• **Activity**
What is needed is an exact copy of the data below, pictures excluded.
-------- Exercise data
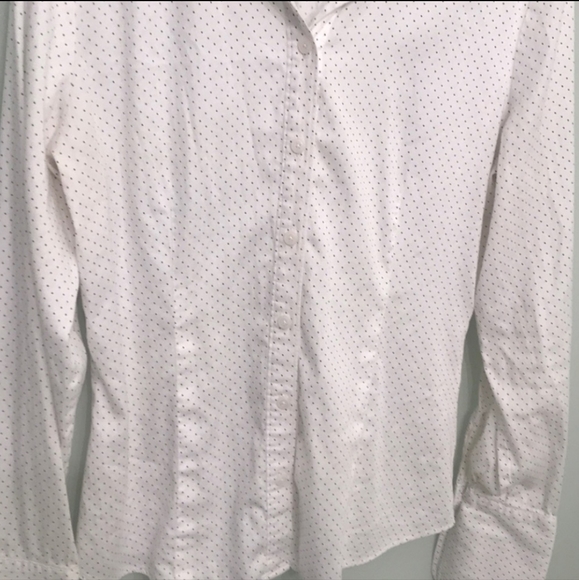 New York & Company White with Black Polka Dots Button Down Long Sleeve Medium - Picture 3 of 5
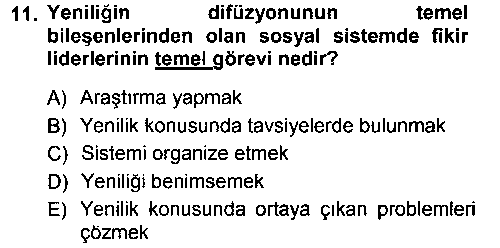 ISY203U Yenilik Yönetimi çıkmış sınav sorusu 1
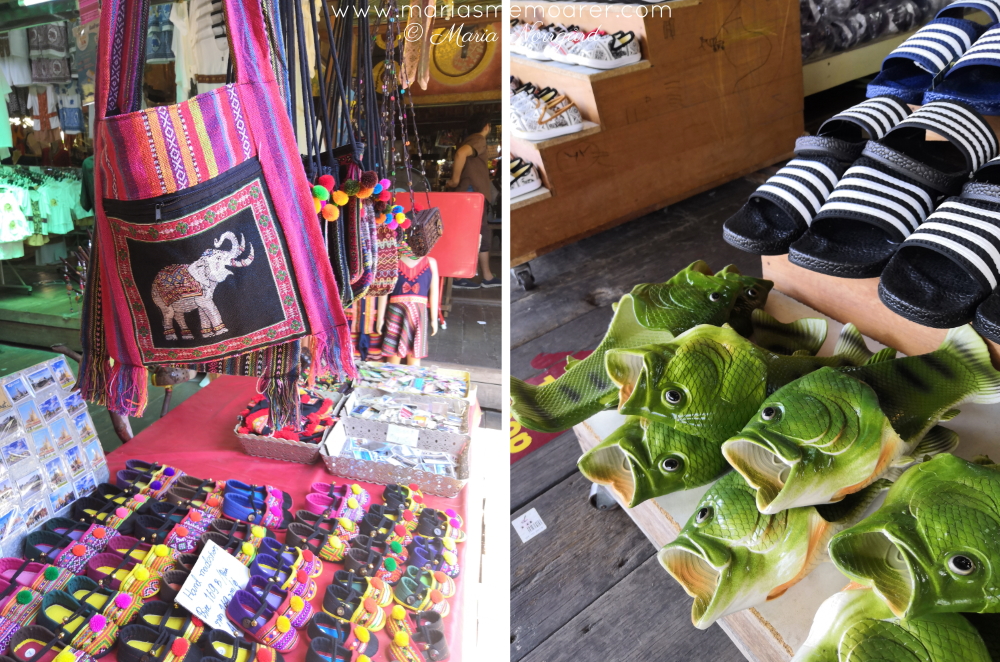 souvenirer på flytande marknad i Pattaya, Thailand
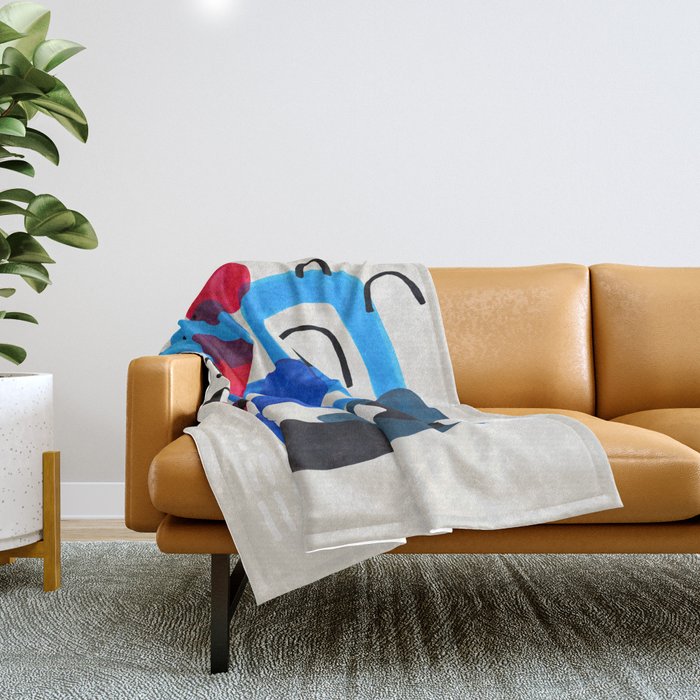 Mid Century Modern Abstract Colorful Art Patterns Ocean Blue Turquoise Grey Throw Blanket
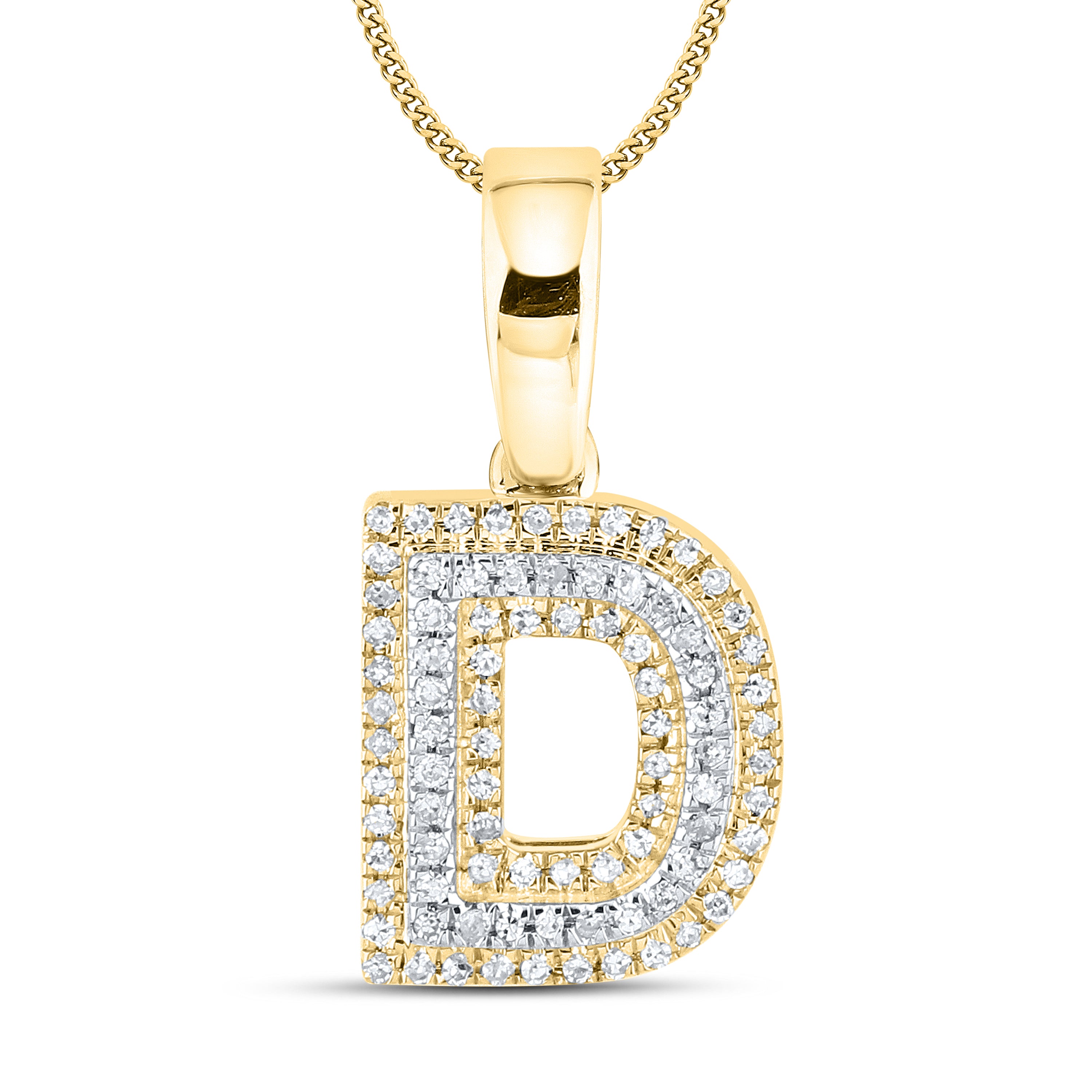 10kt yellow gold 0.15 ctw Diamond Initial D Charm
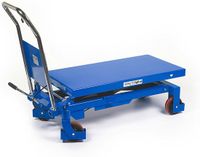 HBM verrijdbare werktafel / heftafel 1000 kg blauw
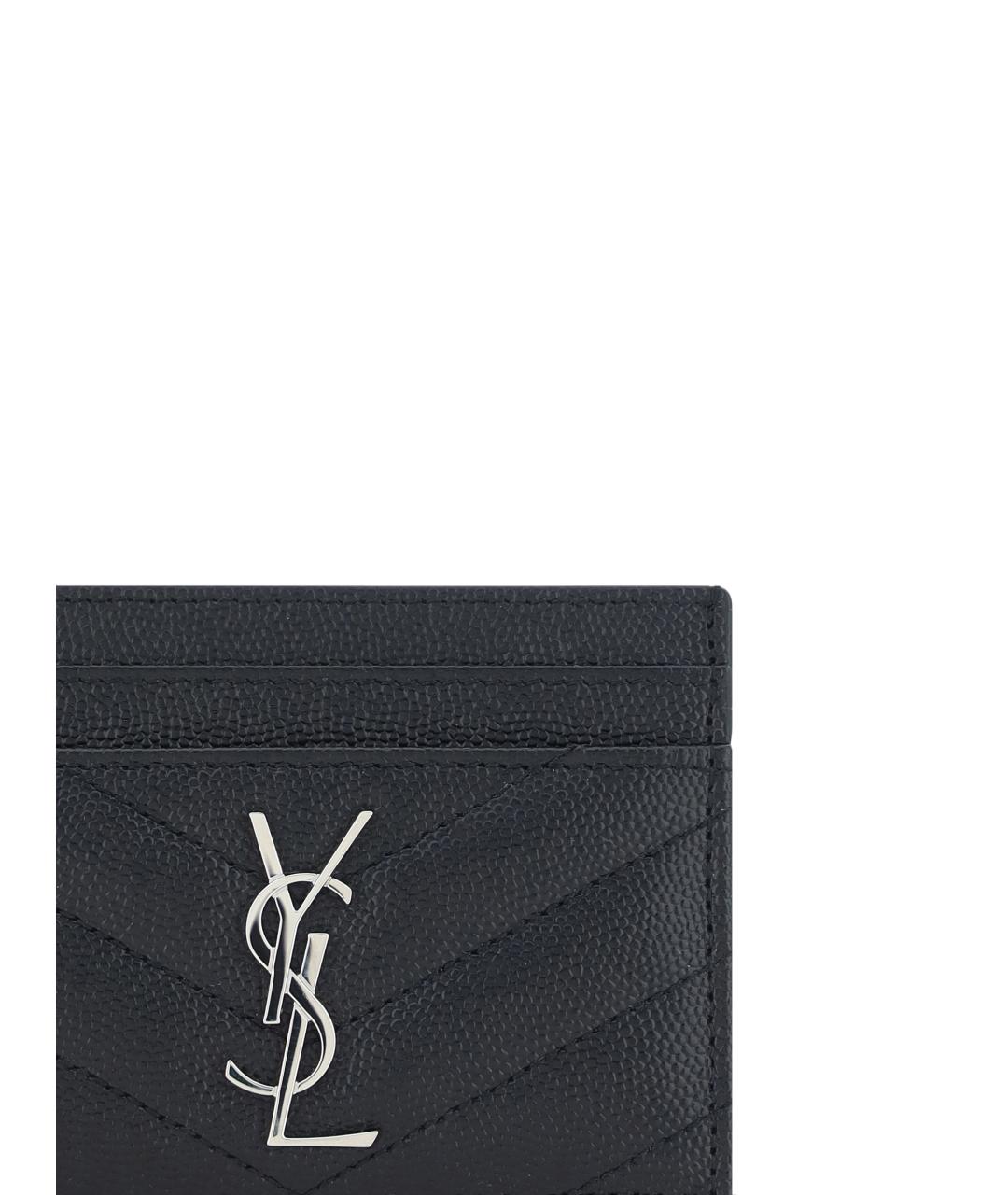 SAINT LAURENT Черный кожаный кардхолдер, фото 3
----------------
• **Expected answer**
 New York & Company White with Black Polka Dots Button Down Long Sleeve Medium - Picture 3 of 5
 ISY203U Yenilik Yönetimi çıkmış sınav sorusu 1
 souvenirer på flytande marknad i Pattaya, Thailand
 Mid Century Modern Abstract Colorful Art Patterns Ocean Blue Turquoise Grey Throw Blanket
 10kt yellow gold 0.15 ctw Diamond Initial D Charm
 HBM verrijdbare werktafel / heftafel 1000 kg blauw
 SAINT LAURENT Черный кожаный кардхолдер, фото 3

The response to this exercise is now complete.